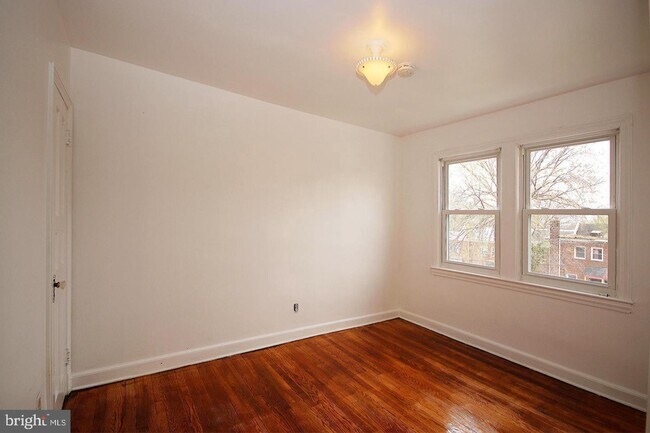 Building Photo - 52 Buchanan St NE
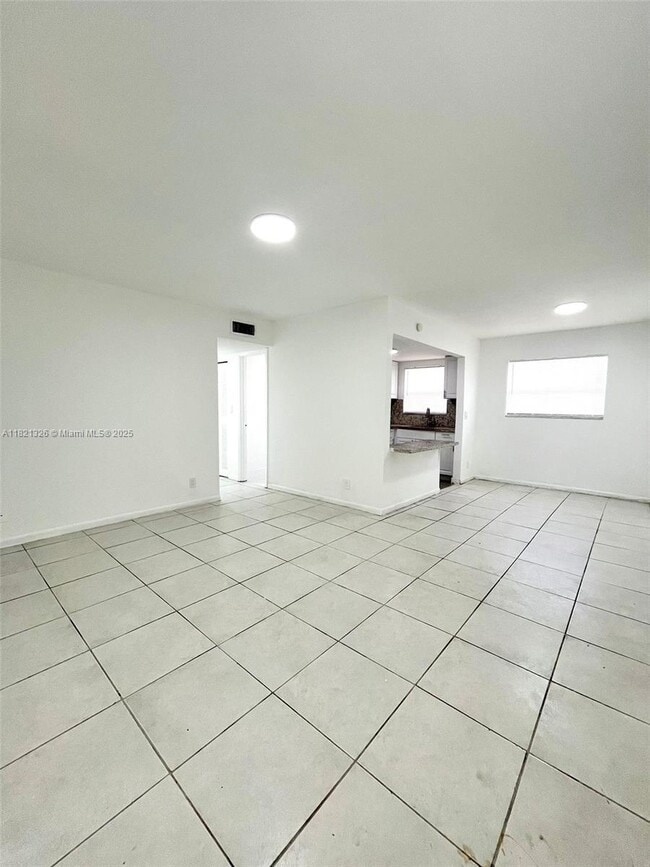 Building Photo - 830 SW 74th Terrace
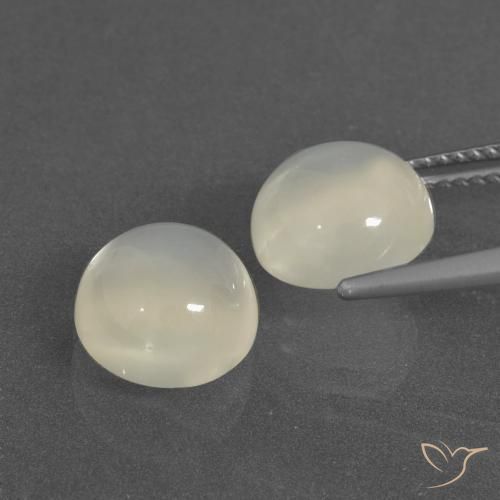 Shop natural 6.62ct Blanc chaud Pierre de lune gems, Tour, from Inde at GemSelect. In stock, global shipping!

#### Exercise description
Reproduce the listing word for word and omit its pictures.

#### Written reply
 Building Photo - 52 Buchanan St NE
 Building Photo - 830 SW 74th Terrace
 Shop natural 6.62ct Blanc chaud Pierre de lune gems, Tour, from Inde at GemSelect. In stock, global shipping!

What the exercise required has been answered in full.